Blogs.ya.com Quitar publicidad
cajón de retales
Sindicación
 
LA RUMBOSA VIEJA
La rumbosa vieja, no se llama así por capricho...
En los pueblos como el mio, el apodo es la única herencia asegurada e intransferible.
No me pidan que explique el porqué de dicho apelativo, porque yo pertenezco a la cuarta generación de la estirpe, y eso sería remontarme demasiado en la historia. Tan solo decir, que si este sobrenombre, les hace evocar la imagen de mi abuela como una octogenaria bailonga, están muy equivocados. Nada más lejos de la realidad.
La rumbosa, en efecto, tiene sus años... Ochenta y cinco, para ser más exactos, con sus consecuentes achaques. Pero cuando sus piernas aun eran móviles, creo que tan solo la ví bailar una vez, y porque mi abuelo la arrastró hasta el centro de la plaza en la verbena del barrio.

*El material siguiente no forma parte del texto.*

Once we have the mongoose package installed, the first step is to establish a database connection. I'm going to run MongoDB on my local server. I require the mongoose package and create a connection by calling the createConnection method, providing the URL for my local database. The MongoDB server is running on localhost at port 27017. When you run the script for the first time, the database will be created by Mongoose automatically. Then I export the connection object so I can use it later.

Ella pertenece a la España caduca. A ese pueblo oscuro, marcado a fuego en la frente y corvado de espalda por el peso del sudor.
Sobrevivío con lo mínimo en la época de posguerra, haciendo del reciclaje su mejor arma. A pesar de todo, nunca se afilío a la "Congregación de la Vírgen del Puño Cerrao". Detesta el derroche, pero eso no le impide ser generosa con los demás. Siempre y cuando no se despilfarre...
Su temperamento le ha hecho salir hacia delante, quizá porque siempre le ha gustado ir por delante de todo el mundo.
La mayor de cinco hermanos, ha criado también a dos hijos y completado su cariño capicúa con otros cinco nietos. A su marido le hizo feliz la mayor parte de su vida.

A la rumbosa, los cambios le pillan desprevenida y por eso hay muchas cosas que no entiende. Tiene una frase comodín,cuando esto le ocurre: "Yo esta vida no la quiero..."

Pasadas las penurias de antaño, aún llegó a tiempo de conocer algo del capitalismo del bienestar. Ha visto Benidorm en temporada baja y ha probado las aguas termales en balnearios descatalogados.
Pero ella no entiende como su compañero de viajes, la abandonó tan pronto, y se lamenta por no haber disfrutado más de esa etapa que creía merecida. Se acuerda de esto y suelta: "Yo esta vida no la quiero...", y yo la consuelo.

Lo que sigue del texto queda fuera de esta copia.